The normal dystrophin gene product is thought to function much like a girder, with a primary role in stabilizing myotube structure. Although affected males appear normal at birth, the muscle fibres are compromised by the absence of a functional dystrophin. In these young patients, muscle repair and regeneration keeps pace with the loss of damaged fibres, which occurs in a relentless, progressive, and predictable manner. Eventually the regenerative capacity is overwhelmed and DMD patients begin to show signs of muscle weakness between the ages of 3 and 5 years. Affected individuals may appear clumsy, are unable to keep up with their peers, and are typically restricted to a wheelchair by 12 years. Recent improvements in care management include steroid treatment, physiotherapy, and surgery. Substantial benefit is provided by nocturnal mechanical assisted ventilation, and with combined interventions DMD patients are now living into their mid to late twenties (Eagle et al. 2002).
Becker muscular dystrophy also arises from mutations in the dystrophin gene, but these are typically in-frame deletions producing internally deleted proteins, with intact amino and carboxyl domains. A study of Italian BMD patients characterised mutations in detail and found 35 out of 37 cases were in-frame and the majority of the mutations occurred in the distal part of the rod domain (exons 45-60; Comi et al. 1994). These authors noted that BMD patients with mutations towards the 5' end of the gene tended to have a more severe clinical phenotype, with faster progression and lower dys-trophin expression, leading to earlier presentation. Depending upon the nature and position of the mutations, BMD may manifest from borderline DMD (intermediate) to almost asymptomatic. Some BMD patients have remarkably mild symptoms, despite deletions involving almost half the gene encoding the central rod domain (England et al. 1990; Winnard et al. 1993). Deletions in the dystrophin gene involving exon 45-47 and 45-48 have been reported to be consistently associated with very mild BMD (Bushby 1992).
There are reports of dystrophin deletions being identified indirectly.
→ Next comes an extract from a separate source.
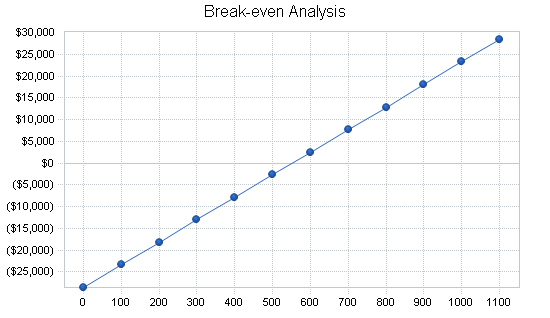 Sample plan chart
Melis and colleagues (Melis et al. 1998) reported three unrelated cases, after more detailed dystrophin molecular studies were undertaken, subsequent to an incidental finding of elevated serum creatine kinase levels. Dystrophin exon deletions of 32-44, 48-51, and 48-53 were identified, and adult male relatives from each family found to carry one of these deletions were either normal, or had very mild muscle involvement. In another chance diagnosis, a four-year-old female was found to be a carrier of a dystrophin exon 48 deletion, after she was originally referred for evaluation for a persistent elevation of aspartate aminotransferase (Morrone et al. 1997). Four male relatives, aged between 8 and 58 years, were found to carry the same mutation and as yet had exhibited no clinical symptoms.